A Anatólia é o eixo eurasiático por excelência onde confluem três placas tectónicas (a euroasiática, a africana e a arábica). Do ponto de vista geográfico a Turquia sempre foi uma peça a ser usada pela NATO, nomeadamente no Cáucaso e na Ásia Central. É ali onde os espaços naturais de projeção e influência turcos colidem com os russos. Durante décadas, a NATO tolerou as ambições neo-imperiais turcas, em particular no período de Erdogan, mesmo que fossem historicamente anti-ocidentais. Trata-se de um ativo estratégico que os atlantistas guardam para o momento certo. Na realidade, mesmo desde os inícios dos anos 80 o nacionalismo turco já tinha expressão naquelas regiões, e nos anos 90, com o vácuo deixado pelo caos pós-soviético, a influência expandiu-se e reavivou o projeto do Grande Turan, hoje bastante visível na forma da Organização dos Estados Túrquicos. Mas o turanismo não é o único trunfo que conta Ancara. A diáspora turca na Europa por um lado, a rede de beneficência e educacional islâmica manobrada pela Turquia em África, ou a expansão militar com várias bases numa boa dezena de países na Europa, África, Cáucaso e Médio Oriente, conforma as aspirações de projeção de poder turcas no mundo.

A encruzilhada levantina

A reativação da guerra civil síria, ou mesmo o desmembramento do país, está cheia de contradições, de alianças improváveis e objetivos pouco claros, mas também de interesses ocultos mas conhecidos, de uma serie de atores externos que tentam tomar conta do país desde 2011.

Serve bem a Israel, que ao fim de mais de 40 anos de ocupação dos Altos do Golã, legalmente sírios. Telavive poderia expandir o seu domínio na área ante uma Síria provavelmente disfuncional e sem exército. Netanyahu tem também na escalada regional a sua janela de fuga do problema em que se meteu há mais de um ano em Gaza e no Líbano, enquanto espera pela nova administração norte-americana, repleta de sionistas nos postos de política externa. Por casualidade ou não, a tomada da Síria pelas hordas de jihadistas sucedeu um dia após o anúncio do cessar-fogo entre Israel e o Hezbollah. Não seria de admirar que por detrás de este episódio haja um pacto tácito entre Ancara e Telavive para eliminar a influência iraniana da região.

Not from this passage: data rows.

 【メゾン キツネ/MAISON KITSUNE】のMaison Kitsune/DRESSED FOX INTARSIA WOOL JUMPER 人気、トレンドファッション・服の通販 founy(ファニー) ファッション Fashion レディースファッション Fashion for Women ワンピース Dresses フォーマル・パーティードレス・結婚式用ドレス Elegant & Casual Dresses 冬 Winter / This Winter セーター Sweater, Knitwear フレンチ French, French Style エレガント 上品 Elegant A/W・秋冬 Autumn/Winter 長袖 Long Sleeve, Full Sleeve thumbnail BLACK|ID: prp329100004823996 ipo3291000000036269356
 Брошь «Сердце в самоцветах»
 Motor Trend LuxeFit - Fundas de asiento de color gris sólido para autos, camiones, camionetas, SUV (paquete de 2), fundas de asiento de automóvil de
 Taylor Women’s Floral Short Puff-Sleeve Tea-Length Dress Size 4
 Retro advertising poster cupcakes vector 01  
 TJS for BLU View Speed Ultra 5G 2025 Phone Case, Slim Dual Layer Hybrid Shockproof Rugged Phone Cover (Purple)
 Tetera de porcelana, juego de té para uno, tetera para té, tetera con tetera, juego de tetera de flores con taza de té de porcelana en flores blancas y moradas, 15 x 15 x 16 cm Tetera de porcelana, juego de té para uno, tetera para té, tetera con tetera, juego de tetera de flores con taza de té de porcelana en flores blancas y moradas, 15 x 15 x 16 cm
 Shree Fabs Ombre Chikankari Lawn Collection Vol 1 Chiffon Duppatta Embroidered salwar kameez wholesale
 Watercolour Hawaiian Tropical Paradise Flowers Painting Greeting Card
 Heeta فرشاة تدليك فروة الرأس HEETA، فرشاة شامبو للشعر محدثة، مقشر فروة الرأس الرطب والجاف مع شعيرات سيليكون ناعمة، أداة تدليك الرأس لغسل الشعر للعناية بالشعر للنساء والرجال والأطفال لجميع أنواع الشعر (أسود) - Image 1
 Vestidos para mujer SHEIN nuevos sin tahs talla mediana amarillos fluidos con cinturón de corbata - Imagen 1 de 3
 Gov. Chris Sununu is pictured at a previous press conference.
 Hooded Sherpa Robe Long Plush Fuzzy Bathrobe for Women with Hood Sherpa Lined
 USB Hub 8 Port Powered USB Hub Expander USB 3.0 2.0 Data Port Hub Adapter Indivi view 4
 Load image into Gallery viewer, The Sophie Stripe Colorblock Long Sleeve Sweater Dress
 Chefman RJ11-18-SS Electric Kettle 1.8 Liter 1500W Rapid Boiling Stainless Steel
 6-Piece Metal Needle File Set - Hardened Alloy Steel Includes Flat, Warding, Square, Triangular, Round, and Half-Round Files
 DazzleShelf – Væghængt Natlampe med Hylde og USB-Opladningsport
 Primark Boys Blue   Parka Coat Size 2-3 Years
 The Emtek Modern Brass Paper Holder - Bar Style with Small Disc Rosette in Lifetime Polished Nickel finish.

O papel dos EUA é mais nebuloso. Oficialmente não se pronunciaram até a queda final de Assad. Mas também é um papel que não necessita clareza, pois é a única potência que se permitiu ocupar a Síria desde 2014, nomeadamente com bases militares clandestinas no centro-sul e leste do país, justificando esta gritante ilegalidade internacional com a espúria desculpa de assim poder “combater o ISIS”. Na realidade os EUA asseguram assim uma presença militar estratégica com os olhos no Irão e na Rússia e que será certamente oficializada com a próxima fase da Síria. Ademais, Washington conta no terreno com vários atores maiores, como os curdos da SDF, que controlam o norte e o Exército Livre da Síria, enfrentado àquele. Por outro lado, o líder do HTS, Abu Muhammad al-Julani, que agora domina a maior parte do território, cumpriu cinco anos de pena nas masmorras norte-americanas no Iraque (incluindo na famigerada Abu Ghraib). Al-Julani será seguramente o principal e mais valioso ativo dos interesses americanos nesta guerra por procuração.

Mas que terão dado os ocidentais a Erdogan para que tomasse a iniciativa de conquistar a Síria? Qual é a moeda de troca? Está disposta a nova administração síria a deixar a base russa de Tartus, ou será a sua remoção uma das condições da NATO a Erdogan? E a Palestina, o genocídio em Gaza? Vai o Líbano seguir uma possível fragmentação da Síria? Quem formará a nova administração e que ideia terá para o dia seguinte? Há algum acordo energético entre Ancara, Baku e Bruxelas? Que será das relações comerciais, energéticas e de infraestruturas entre a Turquia e a Rússia? Continuará a Turquia a ser candidato aos BRICS? Muitas grandes interrogações foram lançadas.

Síria e Ucrânia, o mesmo conflito

O mais preocupante do atual cenário é que os dois conflitos decorrentes, rodeados de regiões voláteis, se estão aproximando um do outro. O HTS, que é trazido para a Síria por Ancara, esteve na Ucrânia a aprender com as tropas de Kiev novas táticas de combate e ataques noturnos com modernos drones fornecidos pelo Catar. Ao contrário dos Emirados e da Arábia Saudita, o Catar em nenhum momento se solidarizou com o governo de Assad, após a tomada de Alepo. Dos membros da Liga Árabe, o Catar, aliado da Turquia (que tem uma base naval em Doha), foi o único país árabe que se manteve desde 2011 até à data sempre do lado da oposição síria salafista.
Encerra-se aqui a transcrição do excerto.